→ What is expected
When you reach the line with "Bild zu Durchblutungsstörungen" in the listing below, transcribe it and each line after it up to and including the line with "کلینیک زیبایی دیاموند", exactly and with nothing else.
---------- Listed entries
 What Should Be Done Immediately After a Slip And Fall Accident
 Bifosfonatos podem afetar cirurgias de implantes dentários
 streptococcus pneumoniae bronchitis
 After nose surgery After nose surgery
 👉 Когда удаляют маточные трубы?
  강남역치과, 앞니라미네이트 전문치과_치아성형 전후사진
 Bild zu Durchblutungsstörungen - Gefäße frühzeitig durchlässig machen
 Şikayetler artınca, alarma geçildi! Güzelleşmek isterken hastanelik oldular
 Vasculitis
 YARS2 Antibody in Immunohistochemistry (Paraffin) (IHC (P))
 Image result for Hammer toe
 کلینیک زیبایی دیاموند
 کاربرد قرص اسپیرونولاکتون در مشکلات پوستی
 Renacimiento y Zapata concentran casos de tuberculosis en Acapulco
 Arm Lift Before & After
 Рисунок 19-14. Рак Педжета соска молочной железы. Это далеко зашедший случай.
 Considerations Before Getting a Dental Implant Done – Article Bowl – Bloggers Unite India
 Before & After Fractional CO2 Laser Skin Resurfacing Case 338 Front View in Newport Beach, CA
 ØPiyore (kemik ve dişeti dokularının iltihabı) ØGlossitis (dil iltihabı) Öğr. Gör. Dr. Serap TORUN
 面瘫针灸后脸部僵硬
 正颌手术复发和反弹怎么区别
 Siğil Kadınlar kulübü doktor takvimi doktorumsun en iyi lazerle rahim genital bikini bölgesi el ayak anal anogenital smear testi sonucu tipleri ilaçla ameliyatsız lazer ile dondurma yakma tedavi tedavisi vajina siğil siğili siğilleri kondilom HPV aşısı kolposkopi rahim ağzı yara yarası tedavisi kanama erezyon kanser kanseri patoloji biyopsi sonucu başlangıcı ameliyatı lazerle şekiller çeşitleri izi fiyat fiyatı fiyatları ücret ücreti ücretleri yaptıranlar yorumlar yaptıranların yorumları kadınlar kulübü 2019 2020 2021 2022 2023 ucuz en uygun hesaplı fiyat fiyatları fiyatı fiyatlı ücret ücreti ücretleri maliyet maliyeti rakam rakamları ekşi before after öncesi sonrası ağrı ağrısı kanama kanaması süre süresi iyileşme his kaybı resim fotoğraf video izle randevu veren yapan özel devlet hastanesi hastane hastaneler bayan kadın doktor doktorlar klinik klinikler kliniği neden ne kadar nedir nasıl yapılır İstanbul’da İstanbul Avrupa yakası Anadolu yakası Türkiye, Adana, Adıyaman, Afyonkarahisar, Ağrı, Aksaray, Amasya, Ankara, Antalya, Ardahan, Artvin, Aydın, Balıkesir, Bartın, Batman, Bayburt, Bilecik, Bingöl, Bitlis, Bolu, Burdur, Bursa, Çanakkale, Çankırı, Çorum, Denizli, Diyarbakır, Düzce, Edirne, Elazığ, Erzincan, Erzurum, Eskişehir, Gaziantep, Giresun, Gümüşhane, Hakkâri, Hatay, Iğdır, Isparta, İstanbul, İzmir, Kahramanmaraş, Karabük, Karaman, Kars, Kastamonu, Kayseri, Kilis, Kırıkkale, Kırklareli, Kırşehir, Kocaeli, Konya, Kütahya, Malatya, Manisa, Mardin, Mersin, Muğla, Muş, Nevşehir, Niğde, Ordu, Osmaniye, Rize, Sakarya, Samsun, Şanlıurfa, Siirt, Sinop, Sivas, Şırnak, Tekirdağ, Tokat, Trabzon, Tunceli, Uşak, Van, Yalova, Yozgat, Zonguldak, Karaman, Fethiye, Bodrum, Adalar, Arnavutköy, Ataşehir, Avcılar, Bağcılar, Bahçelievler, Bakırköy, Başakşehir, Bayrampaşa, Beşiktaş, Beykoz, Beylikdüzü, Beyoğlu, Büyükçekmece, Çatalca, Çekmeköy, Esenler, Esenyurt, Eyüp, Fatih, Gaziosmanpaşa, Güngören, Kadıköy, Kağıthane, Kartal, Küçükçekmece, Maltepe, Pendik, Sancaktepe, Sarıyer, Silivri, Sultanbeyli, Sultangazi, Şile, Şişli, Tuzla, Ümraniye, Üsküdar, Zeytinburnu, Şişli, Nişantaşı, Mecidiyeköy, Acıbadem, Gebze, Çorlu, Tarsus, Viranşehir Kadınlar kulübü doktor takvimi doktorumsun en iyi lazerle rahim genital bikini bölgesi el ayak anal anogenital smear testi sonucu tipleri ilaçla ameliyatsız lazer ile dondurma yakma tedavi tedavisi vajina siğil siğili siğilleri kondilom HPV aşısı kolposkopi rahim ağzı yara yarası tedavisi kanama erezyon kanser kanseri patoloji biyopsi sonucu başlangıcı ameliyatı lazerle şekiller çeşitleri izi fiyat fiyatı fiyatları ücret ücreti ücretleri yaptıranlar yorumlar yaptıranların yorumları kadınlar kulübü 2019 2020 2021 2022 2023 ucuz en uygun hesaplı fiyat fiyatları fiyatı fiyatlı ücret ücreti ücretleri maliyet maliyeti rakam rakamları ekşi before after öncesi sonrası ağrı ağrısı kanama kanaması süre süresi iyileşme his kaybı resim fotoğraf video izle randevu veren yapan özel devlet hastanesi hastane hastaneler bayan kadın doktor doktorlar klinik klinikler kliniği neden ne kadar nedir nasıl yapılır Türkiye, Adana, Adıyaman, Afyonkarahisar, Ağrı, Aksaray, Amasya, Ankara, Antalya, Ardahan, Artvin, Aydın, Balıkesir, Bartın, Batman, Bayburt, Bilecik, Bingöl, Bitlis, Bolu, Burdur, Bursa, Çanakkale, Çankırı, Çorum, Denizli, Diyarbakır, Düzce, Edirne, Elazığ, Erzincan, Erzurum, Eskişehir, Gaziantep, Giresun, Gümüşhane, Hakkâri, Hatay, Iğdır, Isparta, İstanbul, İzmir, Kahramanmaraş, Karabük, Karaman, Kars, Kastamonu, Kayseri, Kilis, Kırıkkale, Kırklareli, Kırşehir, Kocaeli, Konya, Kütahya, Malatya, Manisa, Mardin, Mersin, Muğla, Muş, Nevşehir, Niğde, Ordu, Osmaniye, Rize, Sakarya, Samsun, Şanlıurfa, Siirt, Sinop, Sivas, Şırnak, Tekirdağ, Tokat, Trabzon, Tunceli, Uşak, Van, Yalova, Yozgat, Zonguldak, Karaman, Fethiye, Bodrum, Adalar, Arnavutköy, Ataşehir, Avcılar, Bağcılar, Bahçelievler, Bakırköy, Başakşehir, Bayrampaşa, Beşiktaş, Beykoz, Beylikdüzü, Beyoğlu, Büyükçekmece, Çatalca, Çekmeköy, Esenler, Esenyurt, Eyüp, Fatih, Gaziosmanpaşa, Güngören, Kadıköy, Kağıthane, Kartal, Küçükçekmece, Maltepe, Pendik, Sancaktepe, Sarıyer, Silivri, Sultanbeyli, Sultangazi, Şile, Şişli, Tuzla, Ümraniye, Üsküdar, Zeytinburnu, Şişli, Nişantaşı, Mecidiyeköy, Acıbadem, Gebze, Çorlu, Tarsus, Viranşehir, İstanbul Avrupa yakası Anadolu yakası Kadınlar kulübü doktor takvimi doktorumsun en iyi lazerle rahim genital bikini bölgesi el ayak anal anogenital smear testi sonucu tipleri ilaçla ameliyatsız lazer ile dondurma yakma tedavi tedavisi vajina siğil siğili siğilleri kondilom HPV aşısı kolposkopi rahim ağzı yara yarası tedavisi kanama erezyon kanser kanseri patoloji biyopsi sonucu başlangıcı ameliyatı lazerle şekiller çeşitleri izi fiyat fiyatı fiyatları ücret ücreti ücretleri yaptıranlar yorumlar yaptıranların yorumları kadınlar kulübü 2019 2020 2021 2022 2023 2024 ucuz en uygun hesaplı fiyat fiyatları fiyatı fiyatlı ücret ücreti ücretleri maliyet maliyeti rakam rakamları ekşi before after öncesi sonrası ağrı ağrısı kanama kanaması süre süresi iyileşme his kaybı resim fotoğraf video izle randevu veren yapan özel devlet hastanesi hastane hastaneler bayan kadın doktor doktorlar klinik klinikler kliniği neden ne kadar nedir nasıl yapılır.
--------------------
→ Response
 Bild zu Durchblutungsstörungen - Gefäße frühzeitig durchlässig machen
 Şikayetler artınca, alarma geçildi! Güzelleşmek isterken hastanelik oldular
 Vasculitis
 YARS2 Antibody in Immunohistochemistry (Paraffin) (IHC (P))
 Image result for Hammer toe
 کلینیک زیبایی دیاموند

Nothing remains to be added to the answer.